In 2017 there were 4 billion individual data breaches globally¹, estimated to cost ~US$439 million.
Since then, the frequency and severity cyber risk has only increased. Ransomware attacks are increasingly sophisticated and more invasive, with sensitive data targeted and operating systems disabled.
Consequently, the cost to investigate, repair and recover has increased too.
What is cyber insurance?
While all products are different, the range of assistance provided under a cyber policy includes coverage for:
- forensic investigation
- data restoration
- customer notification and rectification eg call centres, and
- indemnification of penalties imposed by government regulators.
Where the data breach is due to the malicious acts of a foreign government actor or criminal gang coverage may include costs related to:
- the services of a negotiator
- legal advice to determine if any ransom payment is legal or reportable, and
- indemnification of the ransom the business decides to pay.
Challenges associated with cyber risk
Significant underinsurance for cyber risk. Currently in Australia only about 20% of SMEs and 35-70% of larger businesses have standalone cyber insurance.
The unique challenges cyber risk poses to designing and providing affordable cyber insurance policies. The ever changing nature of cyber risk, which means coverage cannot be predicted on prior historical claims experience, and incomplete data sets makes it difficult to price premiums.

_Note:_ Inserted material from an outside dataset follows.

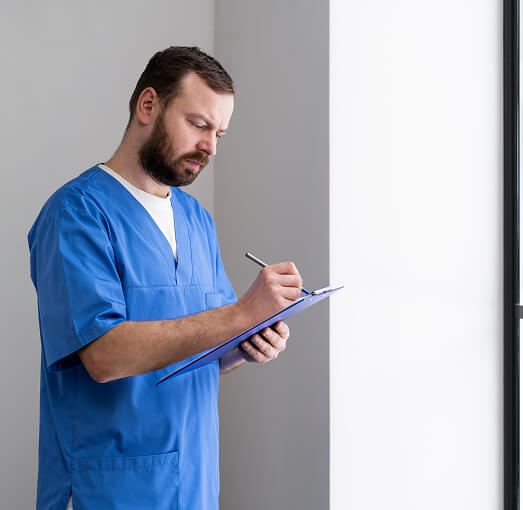 Male Nurse writing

Opportunities associated with cyber risk
Helping businesses improve their cyber security health – when writing a cyber insurance policy, insurers need to access their client’s data, IT processes and potentially test their cyber defences to analyse and price the risk. In doing so, this provides an opportunity to identify weaknesses in the businesses’ data protection and cyber security practices, providing learnings to improve their cyber security health.
Developing improved data sets and improved risk modelling – cyber insurance products first developed in the United States of America (US) in the late 1990s and the US still accounts for about 90% of the global cyber insurance market². Consequently much of the readily available data relates to the US market, rather than Australia’s.

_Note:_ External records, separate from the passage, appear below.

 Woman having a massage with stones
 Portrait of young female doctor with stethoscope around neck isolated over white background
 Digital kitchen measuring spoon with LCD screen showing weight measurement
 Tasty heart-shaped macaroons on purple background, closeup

What action is the industry taking?
Cyber risk is rapidly evolving, and the Insurance Council is working with members and government agencies to provide relevant information where it can.
Since September 2021, insurers have started reporting details of separate cyber policies written to APRA to assist in the development of relevant policies.
In March 2022 we released our Cyber Insurance: Protecting our way of life in a digital world paper, highlighting the challenges to maintaining and developing a cyber insurance market. Read more here.
Tips for businesses
For all businesses, particularly SMEs, the Insurance Council endorses the Australian Cyber Security Centre’s Essential Eight Maturity Model as a good first step towards improved cyber security health.